Priority Chef Knife Sharpener

What We Like

  • Cheap
  • Coarse diamond material
  • Works for serrated and straight knives
  • Does not take too much space

What We Don’t Like

  • Not much control over angle or edge
  • May wear knives faster

This manual Knife Sharpener from Priority Chef comes at a low price and can sharpen both serrated and straight knives. Not only it sharpens a knife for instant sharpness, but it does so in a way that it stays sharp for a longer time.

This Priority Chef’s Knife sharpener comes with two wheels coated with coarse diamond to sharpen knives to a double edge finish. The other is for honing knives to improve the tiniest imperfections further. It gets the job done and does not take so much space in your kitchen.

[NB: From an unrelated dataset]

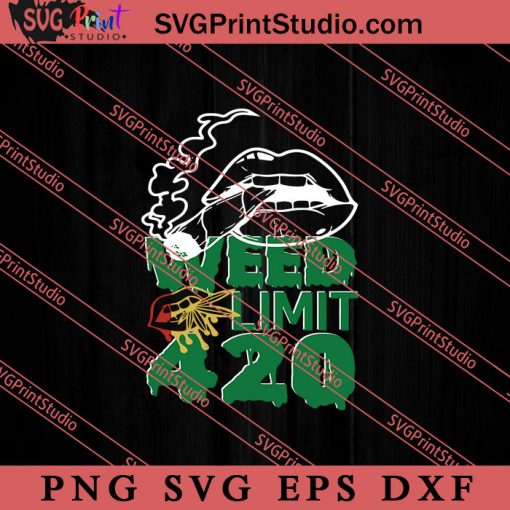 Weed Limit 420 SVG, 420 SVG, Weed SVG, Cannabis SVG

#3: Chef’s Choice 4643 ProntoPro Manual Knife Sharpener

Chef’s Choice 4643 ProntoPro Manual Knife Sharpener

What We Like

  • Works with various types of knives
  • Can sharpen at 20 or 15 degrees.
  • Uses diamond abrasive wheels
  • Quick operation

What We Don’t Like

  • Expensive
  • Less angle flexibility

Another great knife sharpener from Chef’s Choice is the 4643ProntoPro, which has so many different uses. It is fast and impressively works on Japanese, European, and American-style knives, pocket knives, and serrated knives.

This manual knife sharpener has a 3-stage system with criss-cross technology and 100% diamond abrasive wheels for the toughest and most exact edge. Its sharpener also has bevel angle control for 20 and 15-degree edges to ensure that you have the tightest grip, therefore, the best edge.

The two out of three slots are for sharpening: one for 20° angles and the other for 15° angles. Its third slot is for honing and serrated knives for a finer finish.

#4: Winware Sharpening Steel

Winware Sharpening Steel

What We Like

  • Easily accessible with hanging loop
  • Extra-long steel
  • Very cheap when compared to other sharpening steel rods

What We Don’t Like

  • The need to exert more effort to hone an edge
  • Too rough for any expensive fine edge blade
  • Too heavy and large

Winware’s Sharpening Steel Rod comes at a very low price. But do not even question its ability, for it does its job perfectly. Honing your blunt knife is where this sharpening steel excels.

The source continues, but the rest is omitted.